> _Exercise inputs_
╭──
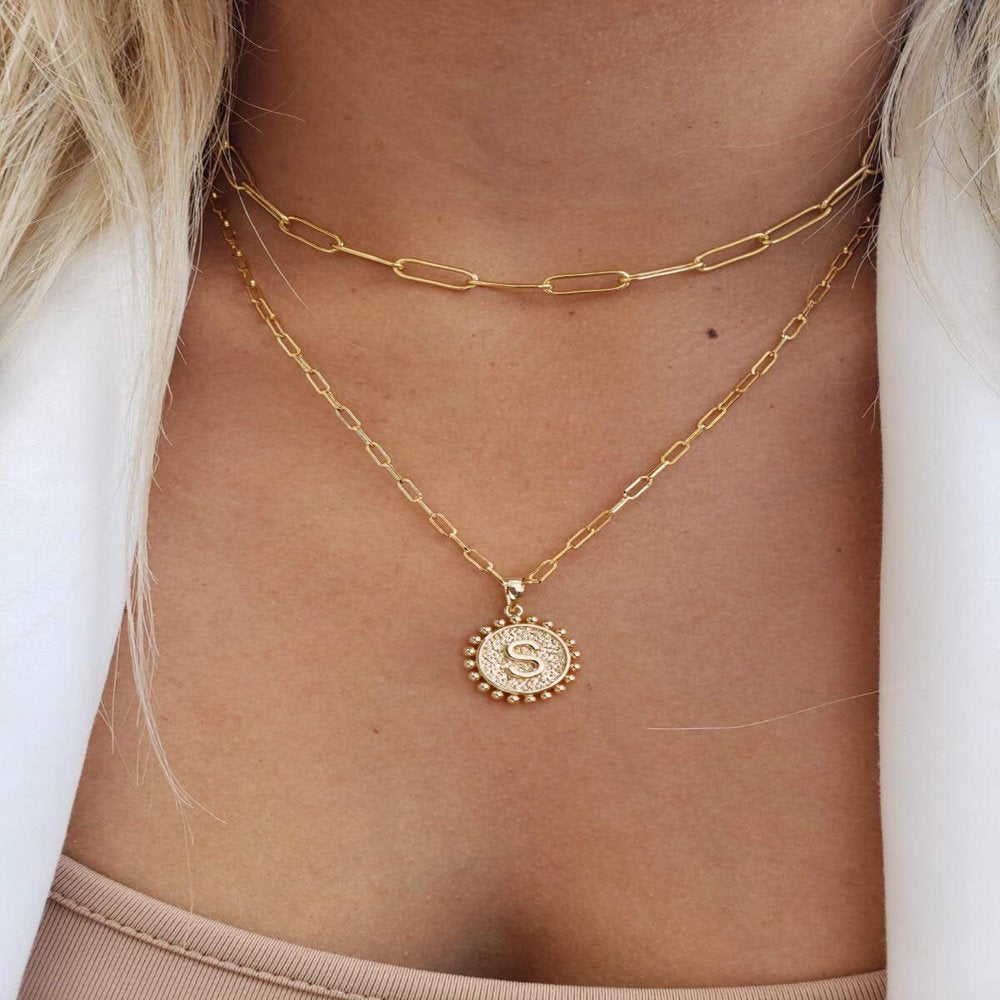 Gold Initial Necklaces for Women Girls 14K Gold Plated Dainty Layering Paperclip Link Chain Necklace Coin Initial Layered Gold Necklaces for Women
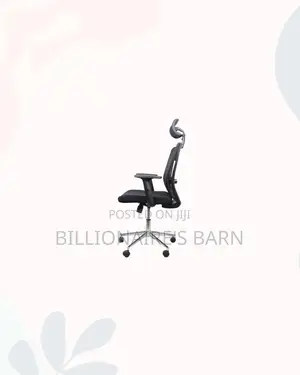 Black Mesh Office Chair With Headrest for Reception and Guest Use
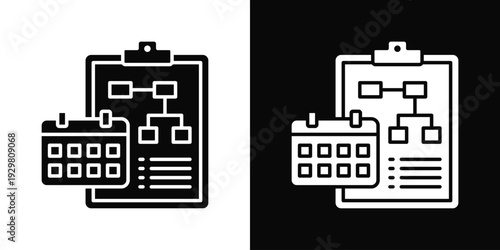 Workflow Planning Icon In Black And White Filled Style.
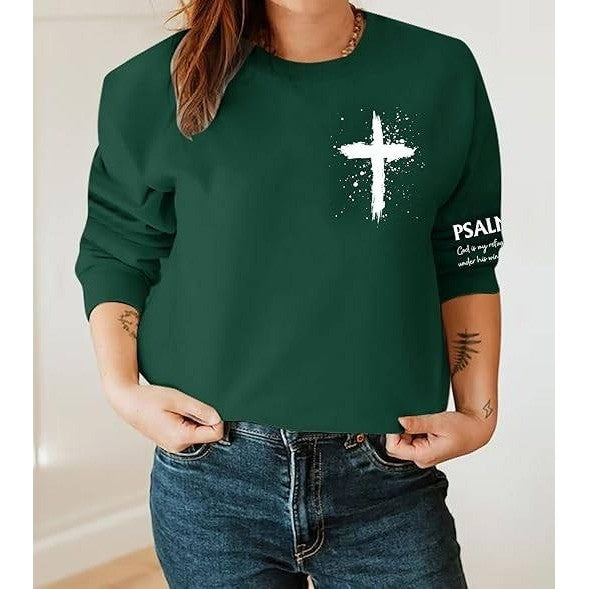 MSRP $30 MOUSYA Women's M Green Christian Sweatshirt Psalms 91 Print Long Slee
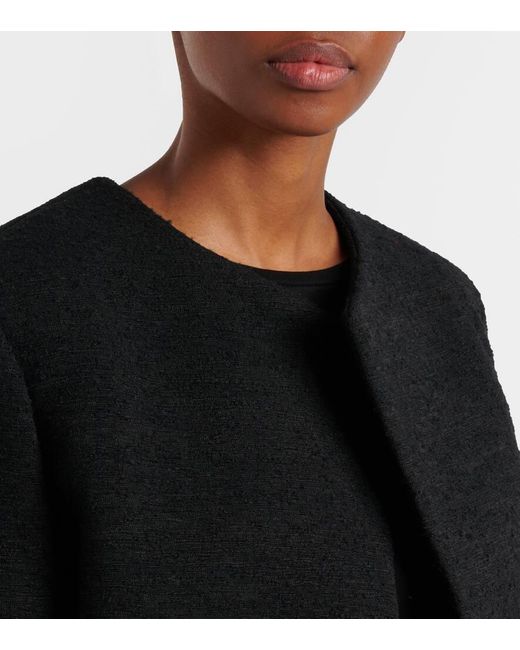 Totême  Black Cropped Boucle Jacket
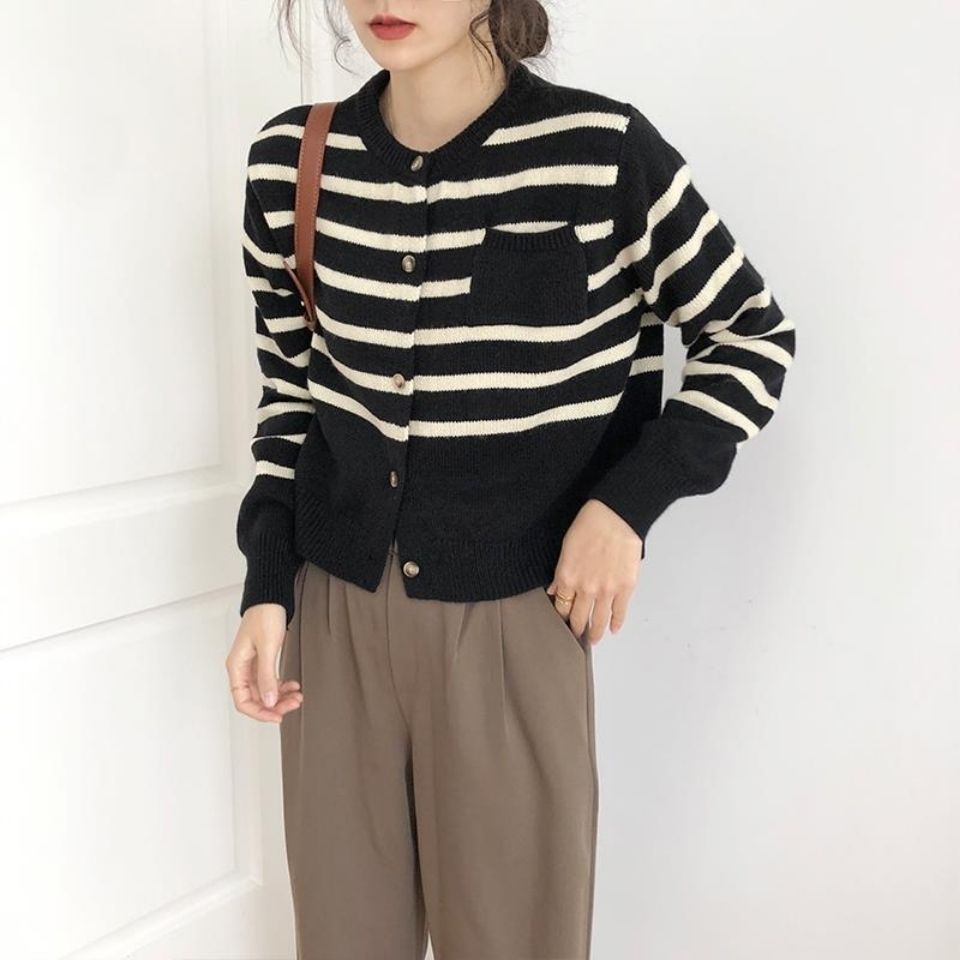 Áo Khoác Cardigan Dệt Kim Dày Dặn Kẻ Sọc Kiểu Hàn Quốc Xinh Xắn Cho Nữ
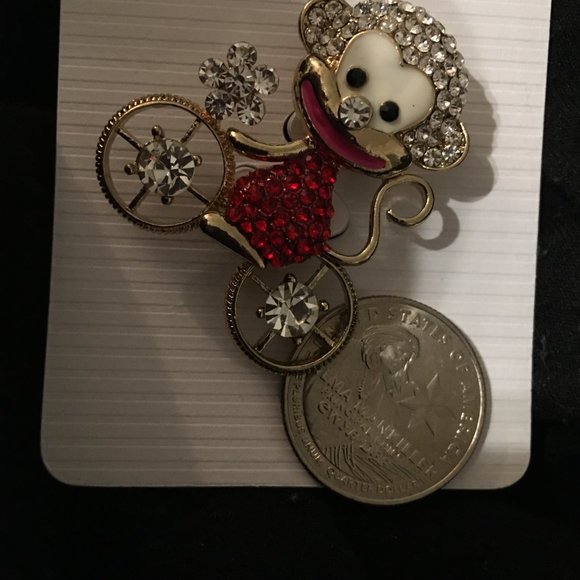 Monkey Riding A Bicycle Pin Brooch So Cute NEW Drawer 2 - Picture 7 of 8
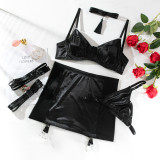 Women Satin Tassel Sexy Lingerie Four-Piece Set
╰──
> _Work required_
Please transcribe each entry exactly, but skip any picture it holds.

> _Solution to the problem_
 Gold Initial Necklaces for Women Girls 14K Gold Plated Dainty Layering Paperclip Link Chain Necklace Coin Initial Layered Gold Necklaces for Women
 Black Mesh Office Chair With Headrest for Reception and Guest Use
 Workflow Planning Icon In Black And White Filled Style.
 MSRP $30 MOUSYA Women's M Green Christian Sweatshirt Psalms 91 Print Long Slee
 Totême  Black Cropped Boucle Jacket
 Áo Khoác Cardigan Dệt Kim Dày Dặn Kẻ Sọc Kiểu Hàn Quốc Xinh Xắn Cho Nữ
 Monkey Riding A Bicycle Pin Brooch So Cute NEW Drawer 2 - Picture 7 of 8
 Women Satin Tassel Sexy Lingerie Four-Piece Set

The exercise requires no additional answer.